How do learners browse around as a result of different searches? What topics are they looking for that we currently don’t provide? By examining search queries and their patterns, we can gauge learners’ interests and improve the site experience.

Sifting through queries to understand how our content is discovered, I quickly realized the difficulty of this task. Coursera gets millions of searches every day, so it’s hard to directly analyze them.

This led me down a rabbit hole of learning about word embeddings and building a pipeline to turn search queries into vectors that represent their relationships to one another. In this representation, for example, the terms “machine learning” and “artificial intelligence” are closer together than “machine learning” and “nutrition.”
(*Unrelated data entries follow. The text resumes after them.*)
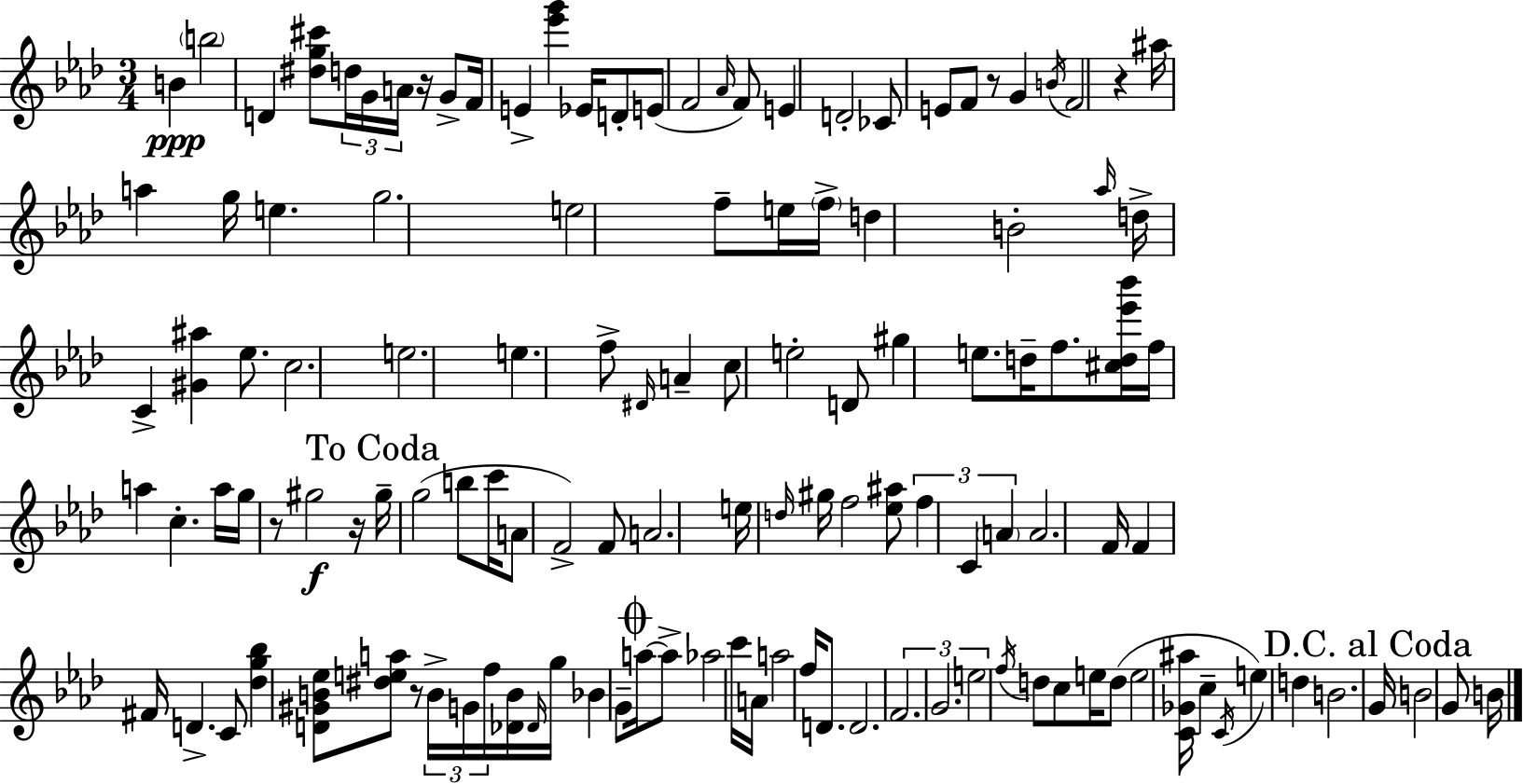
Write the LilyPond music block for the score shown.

{
  \clef treble
  \numericTimeSignature
  \time 3/4
  \key f \minor
  \repeat volta 2 { b'4\ppp \parenthesize b''2 | d'4 <dis'' g'' cis'''>8 \tuplet 3/2 { d''16 g'16 a'16 } r16 g'8-> | f'16 e'4-> <ees''' g'''>4 ees'16 d'8-. | e'8( f'2 \grace { aes'16 }) f'8 | \break e'4 d'2-. | ces'8 e'8 f'8 r8 g'4 | \acciaccatura { b'16 } f'2 r4 | ais''16 a''4 g''16 e''4. | \break g''2. | e''2 f''8-- | e''16 \parenthesize f''16-> d''4 b'2-. | \grace { aes''16 } d''16-> c'4-> <gis' ais''>4 | \break ees''8. c''2. | e''2. | e''4. f''8-> \grace { dis'16 } | a'4-- c''8 e''2-. | \break d'8 gis''4 e''8. d''16-- | f''8. <cis'' d'' ees''' bes'''>16 f''16 a''4 c''4.-. | a''16 g''16 r8 gis''2\f | r16 \mark "To Coda" gis''16-- g''2( | \break b''8 c'''16 a'8 f'2->) | f'8 a'2. | e''16 \grace { d''16 } gis''16 f''2 | <ees'' ais''>8 \tuplet 3/2 { f''4 c'4 | \break \parenthesize a'4 } a'2. | f'16 f'4 fis'16 d'4.-> | c'8 <des'' g'' bes''>4 <d' gis' b' ees''>8 | <dis'' e'' a''>8 r8 \tuplet 3/2 { b'16-> g'16 f''16 } <des' b'>16 \grace { des'16 } g''16 bes'4 | \break g'8-- \mark \markup { \musicglyph "scripts.coda" } a''16~~ a''8-> aes''2 | c'''16 a'16 a''2 | f''16 d'8. d'2. | \tuplet 3/2 { f'2. | \break g'2. | e''2 } | \acciaccatura { f''16 } d''8 c''8 e''16 d''8( e''2 | <c' ges' ais''>16 c''4-- \acciaccatura { c'16 }) | \break e''4 d''4 b'2. | \mark "D.C. al Coda" g'16 b'2 | g'8 b'16 } \bar "|."
} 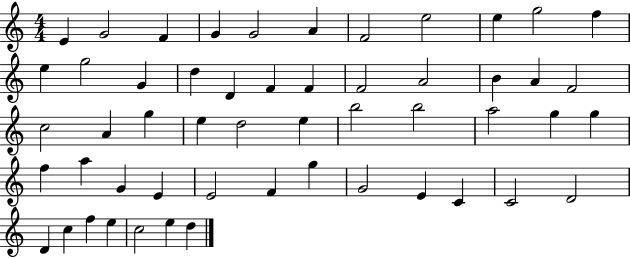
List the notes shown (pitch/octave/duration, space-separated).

E4/q G4/h F4/q G4/q G4/h A4/q F4/h E5/h E5/q G5/h F5/q E5/q G5/h G4/q D5/q D4/q F4/q F4/q F4/h A4/h B4/q A4/q F4/h C5/h A4/q G5/q E5/q D5/h E5/q B5/h B5/h A5/h G5/q G5/q F5/q A5/q G4/q E4/q E4/h F4/q G5/q G4/h E4/q C4/q C4/h D4/h D4/q C5/q F5/q E5/q C5/h E5/q D5/q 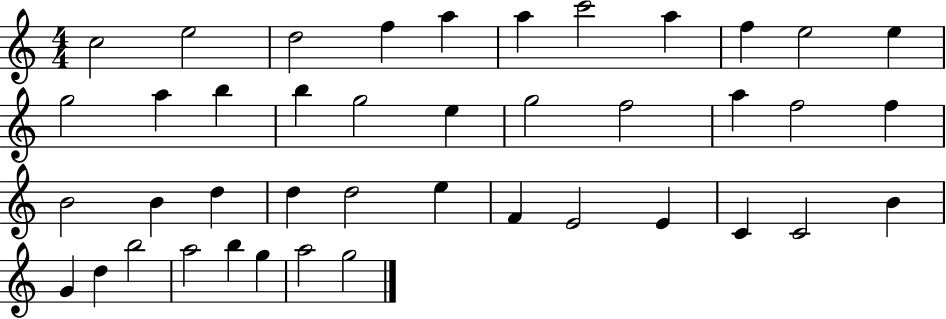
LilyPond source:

{
  \clef treble
  \numericTimeSignature
  \time 4/4
  \key c \major
  c''2 e''2 | d''2 f''4 a''4 | a''4 c'''2 a''4 | f''4 e''2 e''4 | \break g''2 a''4 b''4 | b''4 g''2 e''4 | g''2 f''2 | a''4 f''2 f''4 | \break b'2 b'4 d''4 | d''4 d''2 e''4 | f'4 e'2 e'4 | c'4 c'2 b'4 | \break g'4 d''4 b''2 | a''2 b''4 g''4 | a''2 g''2 | \bar "|."
} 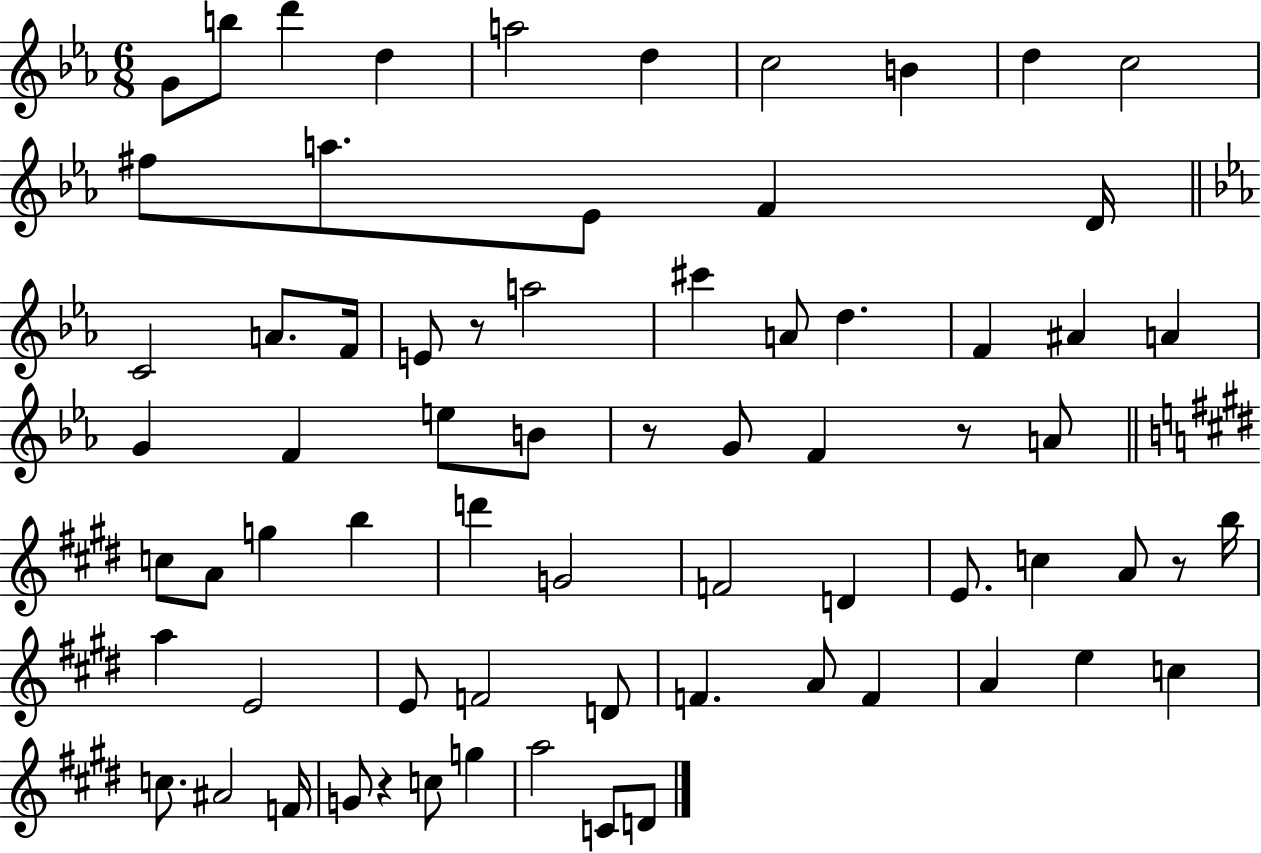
G4/e B5/e D6/q D5/q A5/h D5/q C5/h B4/q D5/q C5/h F#5/e A5/e. Eb4/e F4/q D4/s C4/h A4/e. F4/s E4/e R/e A5/h C#6/q A4/e D5/q. F4/q A#4/q A4/q G4/q F4/q E5/e B4/e R/e G4/e F4/q R/e A4/e C5/e A4/e G5/q B5/q D6/q G4/h F4/h D4/q E4/e. C5/q A4/e R/e B5/s A5/q E4/h E4/e F4/h D4/e F4/q. A4/e F4/q A4/q E5/q C5/q C5/e. A#4/h F4/s G4/e R/q C5/e G5/q A5/h C4/e D4/e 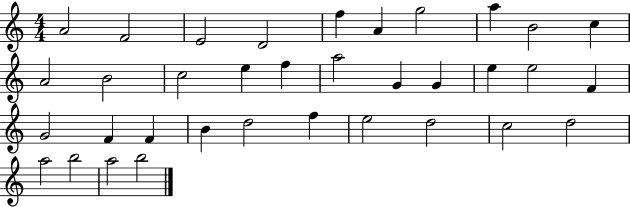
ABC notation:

X:1
T:Untitled
M:4/4
L:1/4
K:C
A2 F2 E2 D2 f A g2 a B2 c A2 B2 c2 e f a2 G G e e2 F G2 F F B d2 f e2 d2 c2 d2 a2 b2 a2 b2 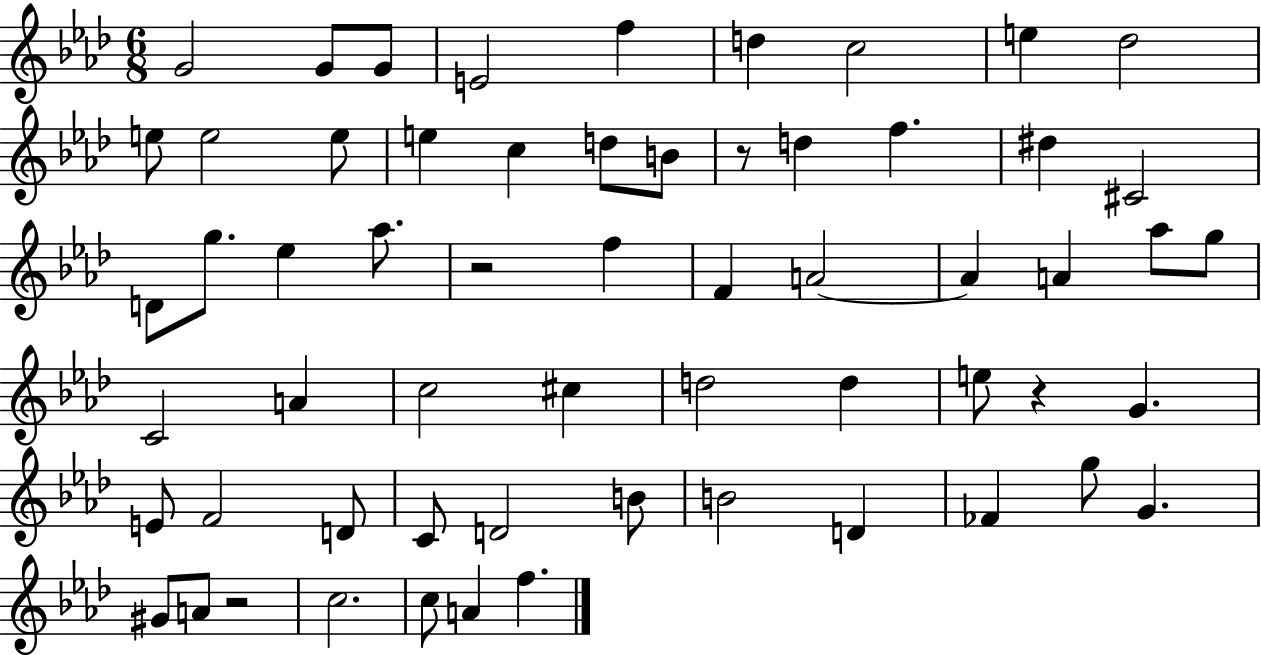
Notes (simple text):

G4/h G4/e G4/e E4/h F5/q D5/q C5/h E5/q Db5/h E5/e E5/h E5/e E5/q C5/q D5/e B4/e R/e D5/q F5/q. D#5/q C#4/h D4/e G5/e. Eb5/q Ab5/e. R/h F5/q F4/q A4/h A4/q A4/q Ab5/e G5/e C4/h A4/q C5/h C#5/q D5/h D5/q E5/e R/q G4/q. E4/e F4/h D4/e C4/e D4/h B4/e B4/h D4/q FES4/q G5/e G4/q. G#4/e A4/e R/h C5/h. C5/e A4/q F5/q. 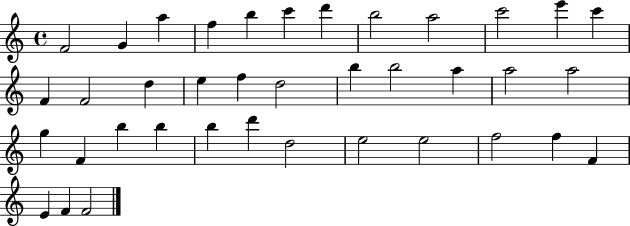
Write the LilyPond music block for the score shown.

{
  \clef treble
  \time 4/4
  \defaultTimeSignature
  \key c \major
  f'2 g'4 a''4 | f''4 b''4 c'''4 d'''4 | b''2 a''2 | c'''2 e'''4 c'''4 | \break f'4 f'2 d''4 | e''4 f''4 d''2 | b''4 b''2 a''4 | a''2 a''2 | \break g''4 f'4 b''4 b''4 | b''4 d'''4 d''2 | e''2 e''2 | f''2 f''4 f'4 | \break e'4 f'4 f'2 | \bar "|."
} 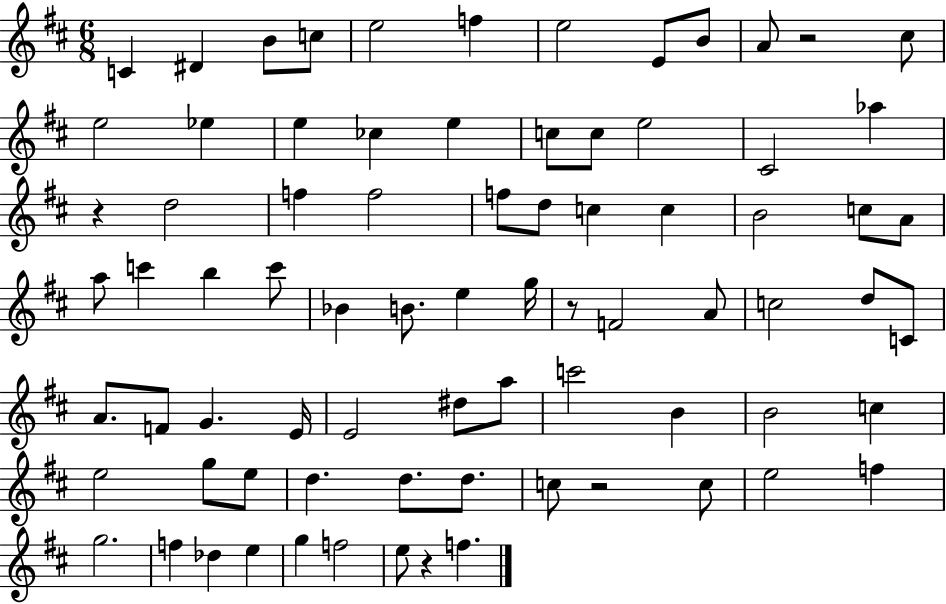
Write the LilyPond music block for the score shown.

{
  \clef treble
  \numericTimeSignature
  \time 6/8
  \key d \major
  c'4 dis'4 b'8 c''8 | e''2 f''4 | e''2 e'8 b'8 | a'8 r2 cis''8 | \break e''2 ees''4 | e''4 ces''4 e''4 | c''8 c''8 e''2 | cis'2 aes''4 | \break r4 d''2 | f''4 f''2 | f''8 d''8 c''4 c''4 | b'2 c''8 a'8 | \break a''8 c'''4 b''4 c'''8 | bes'4 b'8. e''4 g''16 | r8 f'2 a'8 | c''2 d''8 c'8 | \break a'8. f'8 g'4. e'16 | e'2 dis''8 a''8 | c'''2 b'4 | b'2 c''4 | \break e''2 g''8 e''8 | d''4. d''8. d''8. | c''8 r2 c''8 | e''2 f''4 | \break g''2. | f''4 des''4 e''4 | g''4 f''2 | e''8 r4 f''4. | \break \bar "|."
}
Transforming open-ended data into quantitative embeddings opens up a whole world of usage. I focused on identifying unmet demand in our course catalog, but other applications include investigating differences in broad vs. specific searches or evaluating which universities learners prefer. These vectors are also valuable as signals in prediction and classification models.

How Query2Vec Works

The Query2Vec algorithm pipeline. In this case, the features are a dataset of the skills that learners can gain from our courses.

Preprocessing

The raw queries contain all sorts of inconsistencies:

A few of the queries related to “deep learning.”

We could scan every query for the phrase “deep learning,” but that would exclude some of the more idiosyncratic (or simply typo-ridden) queries — and this is a tiny fraction of the diversity of free-text queries. I resolved this issue using natural language processing (NLP) techniques like lowercasing letters and discarding extraneous characters. Stopwords, common words like “a” or “the,” are removed. Each phrase is then converted into an array of words for use in the rest of the pipeline.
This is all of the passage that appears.